[Short descriptive text snippets]
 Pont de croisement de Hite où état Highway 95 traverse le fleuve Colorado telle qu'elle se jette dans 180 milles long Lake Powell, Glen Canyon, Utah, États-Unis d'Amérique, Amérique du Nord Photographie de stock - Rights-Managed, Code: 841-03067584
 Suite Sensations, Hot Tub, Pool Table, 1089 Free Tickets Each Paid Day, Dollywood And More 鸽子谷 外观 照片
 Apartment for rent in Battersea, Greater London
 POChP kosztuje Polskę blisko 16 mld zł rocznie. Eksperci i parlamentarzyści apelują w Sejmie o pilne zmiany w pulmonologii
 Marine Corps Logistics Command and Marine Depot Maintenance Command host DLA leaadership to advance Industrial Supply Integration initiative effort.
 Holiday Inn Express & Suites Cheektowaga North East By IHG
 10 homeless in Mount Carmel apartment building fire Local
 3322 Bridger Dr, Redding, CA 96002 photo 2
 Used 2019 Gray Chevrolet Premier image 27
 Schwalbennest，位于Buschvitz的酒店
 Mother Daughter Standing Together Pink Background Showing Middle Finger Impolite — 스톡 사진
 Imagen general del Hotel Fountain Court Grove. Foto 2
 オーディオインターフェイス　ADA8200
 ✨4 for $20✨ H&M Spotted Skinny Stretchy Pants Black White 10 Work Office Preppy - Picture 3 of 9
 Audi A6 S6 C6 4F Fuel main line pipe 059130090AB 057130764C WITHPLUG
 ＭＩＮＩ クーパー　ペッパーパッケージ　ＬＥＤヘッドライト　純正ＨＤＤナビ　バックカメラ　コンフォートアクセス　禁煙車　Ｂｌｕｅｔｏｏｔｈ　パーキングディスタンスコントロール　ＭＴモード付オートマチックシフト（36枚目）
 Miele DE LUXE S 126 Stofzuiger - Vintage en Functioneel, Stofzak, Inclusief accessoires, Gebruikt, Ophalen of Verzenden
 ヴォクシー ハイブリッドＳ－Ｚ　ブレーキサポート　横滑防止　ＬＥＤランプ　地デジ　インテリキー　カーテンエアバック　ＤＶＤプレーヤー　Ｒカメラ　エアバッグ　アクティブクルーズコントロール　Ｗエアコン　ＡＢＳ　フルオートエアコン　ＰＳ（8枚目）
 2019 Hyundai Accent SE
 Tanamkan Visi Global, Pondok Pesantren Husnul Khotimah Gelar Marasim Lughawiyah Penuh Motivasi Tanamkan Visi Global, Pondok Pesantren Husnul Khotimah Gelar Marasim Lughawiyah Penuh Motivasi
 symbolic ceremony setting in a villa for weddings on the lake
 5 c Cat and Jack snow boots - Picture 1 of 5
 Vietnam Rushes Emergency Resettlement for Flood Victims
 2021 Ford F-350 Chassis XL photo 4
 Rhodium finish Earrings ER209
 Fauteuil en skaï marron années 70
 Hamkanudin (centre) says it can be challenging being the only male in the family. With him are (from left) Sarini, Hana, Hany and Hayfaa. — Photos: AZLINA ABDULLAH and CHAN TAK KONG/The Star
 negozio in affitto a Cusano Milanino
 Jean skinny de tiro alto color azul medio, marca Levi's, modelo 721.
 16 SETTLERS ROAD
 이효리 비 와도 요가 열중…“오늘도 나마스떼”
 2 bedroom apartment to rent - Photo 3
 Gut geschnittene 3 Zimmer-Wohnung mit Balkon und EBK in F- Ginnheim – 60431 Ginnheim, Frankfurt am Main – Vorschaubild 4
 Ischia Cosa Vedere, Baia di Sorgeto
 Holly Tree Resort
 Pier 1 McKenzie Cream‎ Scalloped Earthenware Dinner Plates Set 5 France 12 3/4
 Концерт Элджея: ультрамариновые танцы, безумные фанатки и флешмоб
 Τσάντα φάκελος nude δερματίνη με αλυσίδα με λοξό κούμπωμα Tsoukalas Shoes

__YOUR INSTRUCTIONS__. Give back, word for word, only the lines above from the line holding "Mother Daughter Standing" to the line holding "Gut geschnittene 3", both included.

__EXERCISE SOLUTION__.
 Mother Daughter Standing Together Pink Background Showing Middle Finger Impolite — 스톡 사진
 Imagen general del Hotel Fountain Court Grove. Foto 2
 オーディオインターフェイス　ADA8200
 ✨4 for $20✨ H&M Spotted Skinny Stretchy Pants Black White 10 Work Office Preppy - Picture 3 of 9
 Audi A6 S6 C6 4F Fuel main line pipe 059130090AB 057130764C WITHPLUG
 ＭＩＮＩ クーパー　ペッパーパッケージ　ＬＥＤヘッドライト　純正ＨＤＤナビ　バックカメラ　コンフォートアクセス　禁煙車　Ｂｌｕｅｔｏｏｔｈ　パーキングディスタンスコントロール　ＭＴモード付オートマチックシフト（36枚目）
 Miele DE LUXE S 126 Stofzuiger - Vintage en Functioneel, Stofzak, Inclusief accessoires, Gebruikt, Ophalen of Verzenden
 ヴォクシー ハイブリッドＳ－Ｚ　ブレーキサポート　横滑防止　ＬＥＤランプ　地デジ　インテリキー　カーテンエアバック　ＤＶＤプレーヤー　Ｒカメラ　エアバッグ　アクティブクルーズコントロール　Ｗエアコン　ＡＢＳ　フルオートエアコン　ＰＳ（8枚目）
 2019 Hyundai Accent SE
 Tanamkan Visi Global, Pondok Pesantren Husnul Khotimah Gelar Marasim Lughawiyah Penuh Motivasi Tanamkan Visi Global, Pondok Pesantren Husnul Khotimah Gelar Marasim Lughawiyah Penuh Motivasi
 symbolic ceremony setting in a villa for weddings on the lake
 5 c Cat and Jack snow boots - Picture 1 of 5
 Vietnam Rushes Emergency Resettlement for Flood Victims
 2021 Ford F-350 Chassis XL photo 4
 Rhodium finish Earrings ER209
 Fauteuil en skaï marron années 70
 Hamkanudin (centre) says it can be challenging being the only male in the family. With him are (from left) Sarini, Hana, Hany and Hayfaa. — Photos: AZLINA ABDULLAH and CHAN TAK KONG/The Star
 negozio in affitto a Cusano Milanino
 Jean skinny de tiro alto color azul medio, marca Levi's, modelo 721.
 16 SETTLERS ROAD
 이효리 비 와도 요가 열중…“오늘도 나마스떼”
 2 bedroom apartment to rent - Photo 3
 Gut geschnittene 3 Zimmer-Wohnung mit Balkon und EBK in F- Ginnheim – 60431 Ginnheim, Frankfurt am Main – Vorschaubild 4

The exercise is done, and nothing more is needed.